Jogging is liberating. While I'm doing it, I hate it. I'm literally forcing myself to put one foot in front of the other. It's not just a physical game though. I have to push negative thoughts out of my head too.
It's funny but if, as I'm jogging, I start to think about how far I have yet to go before I can stop, how tired my legs already are, how sore my shins might be, how hard it is to breathe in air, how hot I am, how sweaty I already am, etc., etc., then I am so much more likely to throw in the towel and stop before I reach the end.

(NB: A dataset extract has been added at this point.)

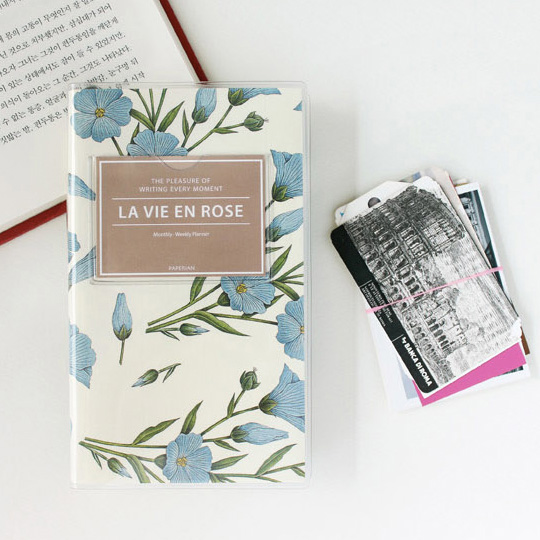 Планинг La Vie en Rose / Flax Flower Планинг La Vie en Rose / Flax FlowerНедатированные<br>В чём плюсы:<br> В планинге 160 страниц.<br> Специальные страницы:<br>- план на год - 2 стр.<br>- план на месяц - 24 стр.<br>- план по неделям - 120 стр.<br>- странички для записей гениальных идей - 10 стр.<br>- карта мира и часовые пояса - 2 стр.<br> Планинг не привязан к конкретным датам, а это значит, ты можешь начать вести его с любого месяца и любого года.<br> Прозрачная обложка защитит планинг от пыли, грязи и влаги.<br> За обложку можно заложить чеки, билетики, календарь, визитки и записки с напоминалками.<br> На л...<br><br>Дизайн: Flax Flower<br>Вес г: 164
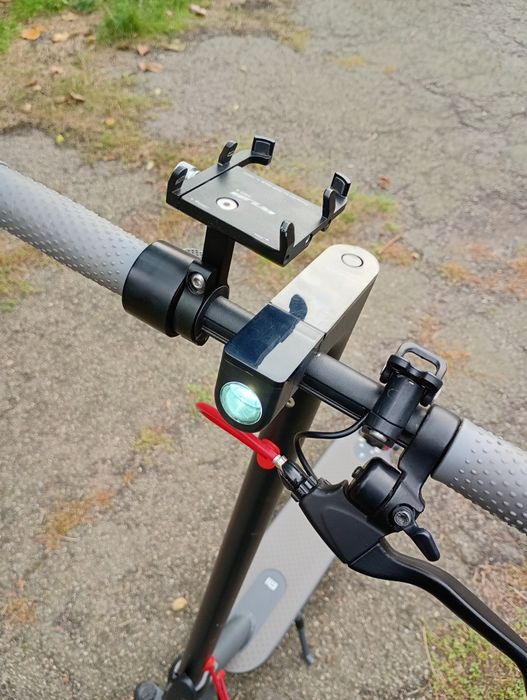 Продам електросамокат Mi Electric Scooter PRO 4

Those negative thoughts take over my feet and slow them to a walk far before I reach my goal which then reiterates all those negative thoughts and gets me going down a vicious cycle.
On the other hand, if I focus on how far I've already gone, repeat over and over the benefits of the exercise to myself, concentrate on the moment and not the end, and sometimes even congratulate myself on each tiny jogged step, then I can complete the task with success.
Completing the jog is a wonderful feeling. I set little goals for myself while I'm jogging like I'll jog to the next corner ... then I get to the corner and say COOL! now I'll jog to the next two corners ... etc. Every time I set a goal and complete it, I feel free and liberated. It's a feeling I take with me for the rest of the day and it carries through to other parts of my life too.
Now to my point.
Weight loss is a lot like the jogging scenario. I'm a firm believer in what The Healthy Weigh stresses which is that if we change our thinking, we can change our life. We think our own reality.
Since that's the truth, I know that each time I'm struggling and I let that negative talk enter my brain, I'm setting myself up for failure.
Each time I'm faced with my own stinkin' thinkin', I try to remember that I have the power to change my own thoughts and in so doing can get myself back on track. That's not to say that I don't rely on others for support and encouragement but ultimately, it's me that has to lose this weight, make up my own mind to be successful, and then make it happen.
So last week when I was focused on the hard things about losing this weight, thinking about the uphill battle I had left and stumbling over my own thoughts, I knew I had to reach down deep and pull myself up by the bootstraps.
This week I'm much more focused and feeling that no matter what I face, I'll be able to see this through to the end.
I could not have lost this weight had I not changed my thinking. There were and are soooo many times where self-sabotage rares it's ugly head. But by identifying those things early and not allowing it to derail me, I've been successful ... and I continue to be successful as I reach the end which is only 30-some-odd pounds away.
I mean, come on! 30-some-odd pounds? That's so doable! I'll have that off in no time and then it's onto the rest of my life.
And that's pretty darn liberating too!